My family owns a small farm, nestled amid the hills, trees and lakes of west central Minnesota. On this farm we raise/support/enable a motley assortment of livestock. We began this farming enterprise years ago with a small flock of purebred Shetland sheep. Since then, the farm has unwittingly evolved into a sanctuary of sorts for long-haired renegade goats, angry rabbits, berserk llamas, and one exotic three-horned African sheep that didn’t make the cut as a house pet. Many of these animals came to us as rescues, having worn out their welcome at their previous homes. Most of the livestock are sheep of various shapes and sizes, ranging in age from newborn lambs to toothless geriatrics.

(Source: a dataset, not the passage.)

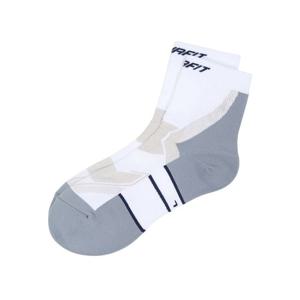 [25SS][다이나핏 공식](택가15,000원) 공용 트레일런 쿼터삭스 양말_YUA25S08W2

The annual shearing of the flock provides fiber and wool for hand spinners, weavers and other crafters. This diverse flock’s only occupation is to grow wool. They do a grand job of it, too, producing soft, gorgeous fleece ranging in color from creamy white to golden brown to mahogany to jet black—an entire spectrum of rich natural tones and shades, like oil paints at the earthy edge of an artist’s palette: raw sienna, red ochre and burnt umber.
In the shepherd’s world spring is all about lambing. The young lambs and their mothers have just been turned out to pasture. This is the time of year when we spend much of our days watching the flock. Watching, mostly, to see that none of the lambs have wandered away—or worse—been taken by coyotes. When you spend that much time watching sheep, you’re bound to notice things.

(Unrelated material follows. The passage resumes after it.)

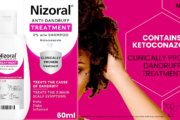 Nizoral Anti-Dandruff Treatment Shampoo with Ketoconazole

Sheep spend most of their day grazing. They graze enthusiastically; voraciously. They don’t know how to do it any other way. When the sheep aren’t busy grazing, they are ruminating. One definition of rumination involves digestion. Another is “to contemplate, to consider, to ponder.” This sounds a lot like the behavior of the flock as it lies under the trees, collectively chewing its cud and gazing off into the middle distance.
Sheep at rest are a picture of relaxation and peace. It’s obvious they aren’t worried about whether it will rain tomorrow or whether the harvest will provide enough to feed them all come fall. Sheep live totally in the moment. There are no worries, no niggling second thoughts or anxieties to distract them from their gloriously stress-free enjoyment of a fine spring day. They luxuriate in the warmth of the sun on their faces as they relax on a grassy hillside, lambs safely tucked up by their sides.
Sheep have a natural inclination for harmony and balance. Though they are social creatures, they know the value of solitude and quiet. They don’t differentiate between the white, brown, black, tan and spotted members of the group. But they do know and remember their sisters, their mothers, their children. They form lifelong bonds and develop fierce loyalties.
Sheep are motivated by the flocking instinct. It’s what keeps them alive. Instinct tells them there is safety in numbers. Their entire lives—from birth to death—are played out within a small, close community upon these 80 acres. Everything they experience is within the context of the flock, which feeds the body and soul and builds community. They know that one cannot thrive at the expense of others.
As a rule, sheep are gentle and docile. Since they have few natural defenses, sheep typically flee when danger threatens—unless danger is threatening the youngsters. Sheep mothers are fiercely protective of their young. Whether it be a coyote, a stray dog, or even that pesky annual predator (the sheep shearer), a ewe will sacrifice her own life to protect her lamb without giving it a second thought.
Sheep don’t have hobbies, and they don’t engage in meaningless busy work. They don’t observe holidays, weekends, or pursue leisure time activities. They don’t really have any vices to speak of. They spend their time concentrating on things that matter: grazing, growing wool, raising the kids, contemplation, and resting together in the shade. There’s not a lot of wasted activity. Sheep are the kind of animal that can eke out a living on poor soil and under unfavorable conditions. Where other types of livestock would falter and die, sheep are persistent. They keep their heads down, continue grazing, making the best of available resources.
In these recent times of political strife and divisiveness, we humans might learn a lesson or two from the flock. Sheep aren’t usually known for their intelligence or common sense, yet they somehow manage to get the best of their shepherds on a regular basis. Maybe we’re not giving them enough credit.
If sheep were to offer advice on how to live, I think they’d tell us to graze voraciously during the daylight hours (i.e. be diligent workers and do the best possible job with the resources at hand). Spend plenty of time in contemplation/meditation. Enjoy the company of ordinary people.
The sheep would tell us to love and protect our children and to remember our sisters and brothers; to take special care of those who are very old and those who are very young and those who struggle to keep up with the rest. They’d advise us to work hard at maintaining the life and harmony of our communities, whatever they may be. We’re all in this together. Not bad advice, even coming from a flock of sheep.